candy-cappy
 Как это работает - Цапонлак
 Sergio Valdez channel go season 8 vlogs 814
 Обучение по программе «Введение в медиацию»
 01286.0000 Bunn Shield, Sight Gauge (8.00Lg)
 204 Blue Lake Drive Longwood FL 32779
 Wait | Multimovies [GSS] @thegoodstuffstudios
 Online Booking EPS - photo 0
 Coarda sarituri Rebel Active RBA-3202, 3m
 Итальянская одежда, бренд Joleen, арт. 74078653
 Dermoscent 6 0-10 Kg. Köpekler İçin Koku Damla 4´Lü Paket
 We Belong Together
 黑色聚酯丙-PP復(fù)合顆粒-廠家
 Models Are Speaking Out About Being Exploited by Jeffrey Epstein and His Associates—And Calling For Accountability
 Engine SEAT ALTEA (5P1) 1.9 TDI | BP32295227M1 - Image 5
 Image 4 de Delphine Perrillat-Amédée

+ + + + + + +

• [YOUR INSTRUCTIONS]
Write out every line of the data that holds the word "Image".

• [EXERCISE RESULT]
 Engine SEAT ALTEA (5P1) 1.9 TDI | BP32295227M1 - Image 5
 Image 4 de Delphine Perrillat-Amédée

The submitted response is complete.